The first document Mr. de Wilde brought to the court’s attention was an extract from Khieu Samphan’s book Cambodia’s Recent History and the Reasons for the Decisions I Made. In that book Khieu Samphan wrote about the use of cooperatives and the accelerated collectivization of Democratic Kampuchea. It was collectivization, he claimed, which was a “decisive instrument to temper the storm with the war with Vietnam.”
An interview given by Khieu Samphan on the June 9-11, 1977, was then quoted to the court:
It was because of the bombing that the people had to migrate to Phnom Penh. People moved to avoid being marshaled by the Khmer Rouge. All were displaced first to avoid U.S. bombing and to avoid the cooperatives. Nevertheless, why were the cooperatives set up?
In the interview, Mr. Samphan is quoted as stating that the primary reason for cooperatives was rice production.
In a separate interview Khieu Samphan is quoted as stating that the Khmer Rouge “evacuated people to live in co-ops. In the co-ops people were not free, but they had enough to eat, and the country was strong enough to fight our enemy.”
Returning to Khieu Samphan’s book, Mr. de Wilde read an extract to the court in which Mr. Samphan wrote, “I was surprised to learn that the superior level cooperative had been used since 1973. For sure they had to be imposed, as peasants would not agree to give the fruits of their labor away. They might after a number of years realize it helped their long-term being.”
These high-level co-operatives were discussed again in the September 1974 issue of Revolutionary Youth. “We are about to win a grandiose victory and have beaten down the enemy,” it was written. The Khmer Rouge had “established production cooperatives at a higher and lower level across the board. There is no longer any national capitalism, no way of exploiting others. Our state has taken over commerce.” It was claimed that, generally speaking, the masses supported the cooperatives, which were necessary in order for the people “to survive.”
Mr. de Wilde stated that Khieu Samphan noted in his book that Pol Pot himself believed in the high-level cooperatives, believing that they would accelerate growth in Cambodia and provide opportunities for the construction of dams other construction projects.
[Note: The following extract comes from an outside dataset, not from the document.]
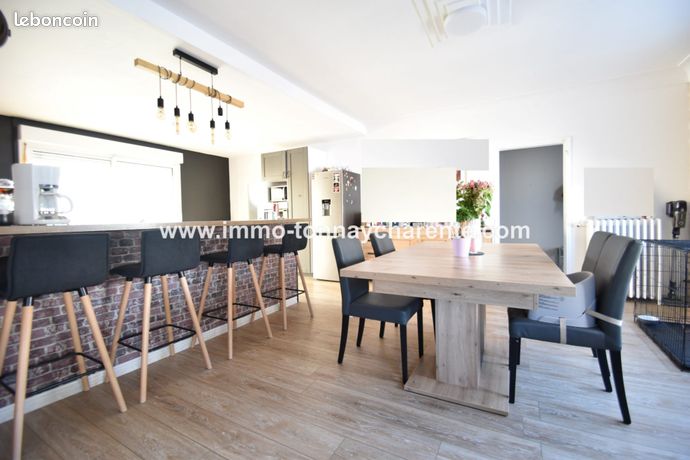 Maison 7 pièces 350 m²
Also in his book, the prosecutor continued, Khieu Samphan justified the differing treatment of the “new” and “old” people on the basis that the “old” people had been able to join the revolution and come to know the army and the communist way of life. By way of contrast, the “new” people had not had such an opportunity to come to understand the communist state apparatus; they were to be given no chance to join the movement even at the village or commune level. This was necessary to prevent foreign agents “boring” wholes into the revolution. That said, Pol Pot had instructed cadres not to see the new people as enemies or as prisoners of war. “But in actuality,” wrote Khieu Samphan, “the new people were considered prisoners of war, as happened in the first days of the evacuation.”
Concluding the document presentation for the day at this point, the court adjourned, with presentations by the prosecution to continue at 9 a.m. on Tuesday, June 25, 2013.